A. Yes, e-commerce and e-commerce fulfillment. The DIM change to 166 inches greatly affected lower weight e-commerce shippers; historically, e-commerce shipments tend to be less than six pounds. A second DIM change makes it even more imperative to accurately measure packages.
One other segment here is interesting to note: customers that have heavy reliance on mail. Many shippers don’t realize that mailers can be subjected to DIM weight; the carriers’ measurement devices essentially “create a box” around the mailer to then measure cubic dimensions. Mail-centric businesses that then divert some of the volume to the major parcel carriers for higher-priority items would then see their costs go up.
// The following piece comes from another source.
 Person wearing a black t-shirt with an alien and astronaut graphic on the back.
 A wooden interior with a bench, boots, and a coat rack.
Q. So how can shippers manage these changes? Are there options?
A. Visibility is critical. Shippers must have a solid understanding of their shipping patterns, service usage, and package characteristics. They must also be intimately familiar with their transportation contracts and a deep understanding of how various pricing terms impact their costs. Very large organizations may choose to make significant investments in analytical tools and personnel. Others may prefer to engage with third-party experts.
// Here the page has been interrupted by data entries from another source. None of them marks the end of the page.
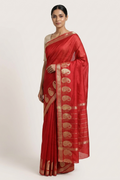 Woman wearing a red saree with gold patterns on a white background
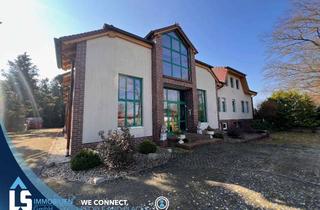 Anlageobjekt in 16868 Wusterhausen, Wohnen auf höchstem Niveau: Exklusives Ensemble aus zwei Wohneinheiten und Premium-Gewerbe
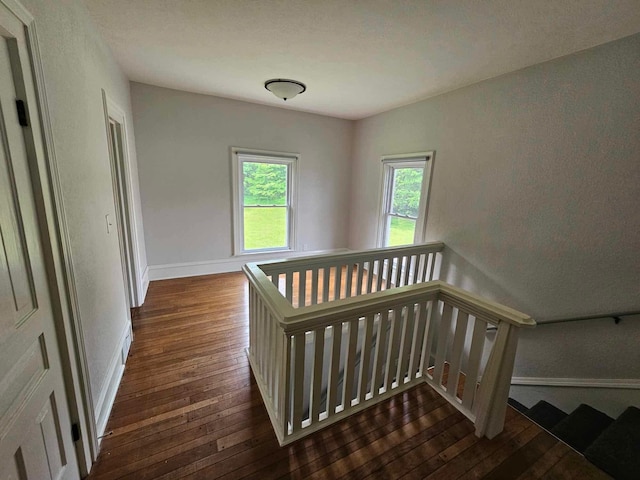 20051 Capital Ave NE, Battle Creek, MI 49017 - stairs with hardwood / wood-style flooring and baseboards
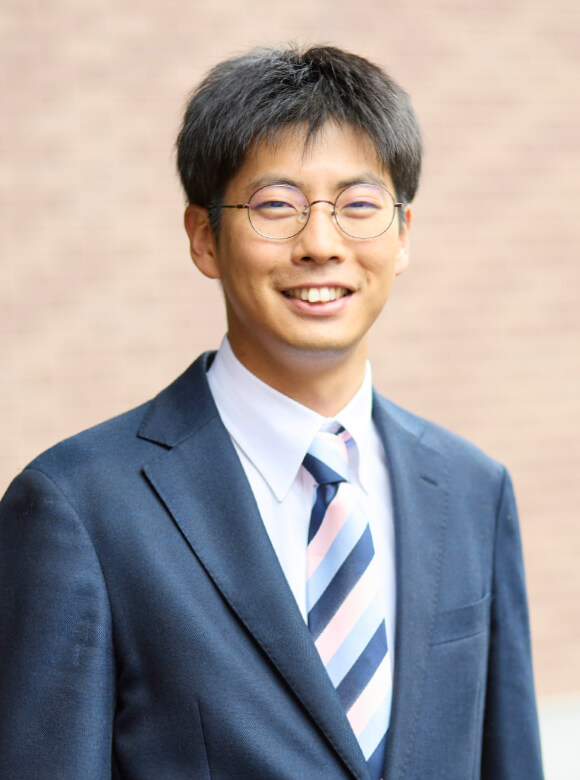 福島県立医科大学の病院助手、梅宮和真さんの笑顔のポートレート。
A. I agree with Rob that the key is visibility. Do you truly understand that a 3.9% or 4.9% increase likely means a much higher increase of 7-10% year over year if you ship parcels between one and 10 pounds (which is the majority of parcel shipments)? Do you have the tools and/or partners that can give you the visibility into how the DIM changes will affect your parcel shipping? A DIM change that results in a price increase of $0.75-$1.00 per parcel may not sound like much, but adds up dramatically over the course of a year.
Also, knowing that everything really is negotiable with the carriers is important. They are generally loathe to negotiate per-package minimum billable charges, fuel surcharge discounts, and DIM weight divisors and will in fact generally make you believe those elements are non-negotiable, but the reality is that they are things you can absolutely negotiate, especially if you have a lot of volume.